Enganoume o espanhol, porque nós diriamos:

			 				Si no te importas*e*, te agradec*erí*a que me ayudases después a hacer el texto.

También "si no te importa"


----------



## pickypuck

En português importar-se é pronominal (eu importo-me, tu importas-te, ele importa-se, etc.).

Si no te importa = se não te importa*s*.

Uma maneira muito rápida de fazer o til e especialmente útil para os que têm computador portátil é:

AltGr + 4 e depois "a" ou "o" = ã/õ

¡Olé!


----------



## Tomby

Prezado Pickypuck: estou pensando mais de meia hora com a frase que você escreveu: "_Si no te importa = se não te importas_". Não acha que é algo esquisita? Com franqueza eu não saberia o porquê.
Vamos lá ver!
Se em espanhol dizemos:
_Si no me importa, Si no te importa, Si no le importa, Si no nos importa, Si no os importa, Si no les importa_.
Para português traduzimos:
Se não me importa, Se não te importa, Se não lhe importa, Se não nos importa, Se não vos importa, Se não lhes importa.

Por outro lado temos a seguinte frase: "_E aprendes que não importa o *quanto te importas*, algumas pessoas simplesmente *não se importam*... e aceitas que não importa o quão boa seja uma pessoa, ela vai magoar-te e tu tens de perdoá-la por isso!_" (William Shakespeare).
Eu percebo que o um mesmo verbo, importar-se, tem dois significados intrinsecamente distintos, por uma parte "ter importância" e por outra, talvez "avaliar". Neste último caso concordo com a conjugação exposta por você:
Se não me importo, Se não te importas, Se não se importa, Se não nos importamos, Se não vos importais, Se não se importam.
Julgo que neste caso o verbo é reflexivo porque podemos acrescentar expressões tais como “a mim mesmo”, “a ti mesmo”, “a si mesmo”, etc.
O excerto de William Shakespeare está no seguinte link. [fica na metade da página].

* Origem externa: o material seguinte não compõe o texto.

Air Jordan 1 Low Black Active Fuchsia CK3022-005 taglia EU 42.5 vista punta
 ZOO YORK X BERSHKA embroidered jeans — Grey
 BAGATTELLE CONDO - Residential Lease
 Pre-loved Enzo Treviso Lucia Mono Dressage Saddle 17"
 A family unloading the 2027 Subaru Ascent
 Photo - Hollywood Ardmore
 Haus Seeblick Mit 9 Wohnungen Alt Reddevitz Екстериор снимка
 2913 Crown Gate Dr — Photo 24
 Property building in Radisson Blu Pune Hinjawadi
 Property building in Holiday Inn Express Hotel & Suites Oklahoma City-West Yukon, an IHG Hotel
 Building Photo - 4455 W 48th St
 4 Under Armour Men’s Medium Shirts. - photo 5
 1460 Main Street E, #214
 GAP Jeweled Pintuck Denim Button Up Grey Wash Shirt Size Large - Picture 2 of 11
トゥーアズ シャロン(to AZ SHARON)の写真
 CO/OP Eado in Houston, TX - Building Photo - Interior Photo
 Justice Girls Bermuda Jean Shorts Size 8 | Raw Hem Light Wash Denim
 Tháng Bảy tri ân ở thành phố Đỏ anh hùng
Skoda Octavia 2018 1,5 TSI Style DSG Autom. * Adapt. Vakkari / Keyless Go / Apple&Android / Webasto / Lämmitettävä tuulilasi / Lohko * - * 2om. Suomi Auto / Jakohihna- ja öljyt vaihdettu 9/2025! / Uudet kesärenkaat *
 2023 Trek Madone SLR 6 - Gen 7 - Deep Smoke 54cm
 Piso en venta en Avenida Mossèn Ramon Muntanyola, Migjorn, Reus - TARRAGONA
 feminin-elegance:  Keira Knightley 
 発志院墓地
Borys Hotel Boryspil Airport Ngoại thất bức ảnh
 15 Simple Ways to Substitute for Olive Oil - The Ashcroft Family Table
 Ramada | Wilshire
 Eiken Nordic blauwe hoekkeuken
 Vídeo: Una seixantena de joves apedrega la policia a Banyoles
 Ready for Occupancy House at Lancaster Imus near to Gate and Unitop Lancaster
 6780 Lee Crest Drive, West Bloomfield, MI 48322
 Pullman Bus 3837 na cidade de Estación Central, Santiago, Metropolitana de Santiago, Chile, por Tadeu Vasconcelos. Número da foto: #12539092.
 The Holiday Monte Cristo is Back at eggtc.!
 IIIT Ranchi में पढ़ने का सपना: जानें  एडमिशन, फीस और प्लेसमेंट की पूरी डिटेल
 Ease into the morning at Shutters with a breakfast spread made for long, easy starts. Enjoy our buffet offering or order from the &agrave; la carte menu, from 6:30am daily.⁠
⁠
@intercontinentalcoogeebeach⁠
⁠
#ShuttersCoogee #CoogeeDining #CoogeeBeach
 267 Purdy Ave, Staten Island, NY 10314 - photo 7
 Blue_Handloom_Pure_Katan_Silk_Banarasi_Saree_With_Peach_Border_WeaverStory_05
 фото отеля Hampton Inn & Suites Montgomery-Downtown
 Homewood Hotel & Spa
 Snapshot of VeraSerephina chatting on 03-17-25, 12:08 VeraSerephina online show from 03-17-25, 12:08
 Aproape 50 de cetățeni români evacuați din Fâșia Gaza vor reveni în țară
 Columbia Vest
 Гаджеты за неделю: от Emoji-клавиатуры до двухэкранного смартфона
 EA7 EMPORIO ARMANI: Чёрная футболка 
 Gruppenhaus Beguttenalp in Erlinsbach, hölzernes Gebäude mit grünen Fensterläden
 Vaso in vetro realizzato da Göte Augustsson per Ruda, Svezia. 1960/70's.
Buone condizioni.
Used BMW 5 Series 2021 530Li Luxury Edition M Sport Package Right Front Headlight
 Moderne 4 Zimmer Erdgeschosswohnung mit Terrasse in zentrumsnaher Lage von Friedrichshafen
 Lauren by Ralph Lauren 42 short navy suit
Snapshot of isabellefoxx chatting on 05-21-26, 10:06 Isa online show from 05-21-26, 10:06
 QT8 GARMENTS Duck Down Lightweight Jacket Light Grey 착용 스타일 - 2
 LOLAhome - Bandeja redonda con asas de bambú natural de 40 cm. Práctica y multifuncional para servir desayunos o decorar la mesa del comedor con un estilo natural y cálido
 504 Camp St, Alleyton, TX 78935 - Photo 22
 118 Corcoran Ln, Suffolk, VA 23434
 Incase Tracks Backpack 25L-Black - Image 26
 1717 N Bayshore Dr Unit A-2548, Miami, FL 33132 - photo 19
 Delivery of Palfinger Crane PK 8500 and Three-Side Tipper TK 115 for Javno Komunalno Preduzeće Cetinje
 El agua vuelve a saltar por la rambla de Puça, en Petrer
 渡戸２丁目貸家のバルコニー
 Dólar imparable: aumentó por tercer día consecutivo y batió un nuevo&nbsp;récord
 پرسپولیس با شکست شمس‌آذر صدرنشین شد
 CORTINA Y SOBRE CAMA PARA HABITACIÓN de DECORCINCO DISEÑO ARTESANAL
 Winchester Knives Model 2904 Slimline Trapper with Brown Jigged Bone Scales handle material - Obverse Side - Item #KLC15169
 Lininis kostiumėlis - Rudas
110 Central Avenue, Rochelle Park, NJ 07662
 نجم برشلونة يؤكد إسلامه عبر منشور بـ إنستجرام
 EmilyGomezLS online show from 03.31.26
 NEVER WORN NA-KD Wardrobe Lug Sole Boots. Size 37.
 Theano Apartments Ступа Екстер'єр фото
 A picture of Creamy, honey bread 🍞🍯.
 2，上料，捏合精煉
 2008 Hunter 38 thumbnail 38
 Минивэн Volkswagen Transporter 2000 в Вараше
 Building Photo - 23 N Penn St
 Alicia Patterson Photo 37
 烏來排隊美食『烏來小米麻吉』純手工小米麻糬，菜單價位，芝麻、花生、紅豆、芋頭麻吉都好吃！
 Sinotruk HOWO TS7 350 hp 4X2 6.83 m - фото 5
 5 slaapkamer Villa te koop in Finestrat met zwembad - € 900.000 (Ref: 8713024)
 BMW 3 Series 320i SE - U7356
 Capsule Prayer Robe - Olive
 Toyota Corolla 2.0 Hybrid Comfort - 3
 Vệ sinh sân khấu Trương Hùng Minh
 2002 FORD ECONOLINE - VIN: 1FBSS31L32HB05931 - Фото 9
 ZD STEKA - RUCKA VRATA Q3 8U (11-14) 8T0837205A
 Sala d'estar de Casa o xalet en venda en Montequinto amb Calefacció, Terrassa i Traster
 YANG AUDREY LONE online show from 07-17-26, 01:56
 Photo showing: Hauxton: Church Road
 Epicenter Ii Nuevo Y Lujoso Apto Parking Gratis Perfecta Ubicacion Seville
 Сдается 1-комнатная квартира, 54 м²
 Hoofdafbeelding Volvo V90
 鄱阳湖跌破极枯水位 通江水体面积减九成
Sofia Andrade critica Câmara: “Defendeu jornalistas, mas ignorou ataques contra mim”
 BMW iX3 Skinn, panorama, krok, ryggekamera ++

Para acabar, mais ou menos, eu traduziria a frase do Cygnus Nazca como "_Se não te importa, te agradeceria que depois me ajudasses a fazer o texto_". 
Peço desculpa se errei nesta resposta. 
Será que alguém de vocês podia esclarecer um pouco mais este tema? 
Obrigado!


----------



## Outsider

Caro Tombatossals, esta pergunta do Cygnus deixou-me a pensar. Não me atrevo a dizer que "Se não te importa" seja impossível em português. Pode ser que se alguém o use. No entanto, concordo com a Vanda e o Pickypuck em que "Se não te importas", "Se não se importam", etc., é o que me lembro de ouvir dizer. Veja o que diz o Priberam:



> *importar*
> 
> [...]
> 
> v. int.,
> ter importância;
> convir;
> atingir certo preço;
> 
> *v. refl.,
> atender a;
> ligar importância ou consideração a.*


Embora o dicionário classifique o verbo como reflexivo, em minha opinião é mais propriamente pronominal, no sentido estrito do termo. Tem uma construção análoga a "interessar-se (por)".


----------



## Vanda

O engraçado disso tudo é que o Aurélio não o classifica como reflexivo, mas pronominal, além dos transitivos e intransitivo. Deixa ver o que diz o Houaiss...mesma coisa do Aurélio, além dos transitivos e intransitivo, pronominal.


----------



## Outsider

Estou de acordo com eles. Penso que o Priberam usa "reflexivo" em sentido lato: qualquer verbo que reja o pronome _se_ é considerado "reflexivo" por eles, mesmo que não tenha significado reflexivo.


----------



## Cygnus Nazca

Obrigado pelas contribuições mas confeso que estou um pouco perdido... Que resumo podemos fazer finalmente do uso deste verbo? Poderia pois dizer "se não te importa" e teria o mesmo senso do espanhol? (if you don't mind)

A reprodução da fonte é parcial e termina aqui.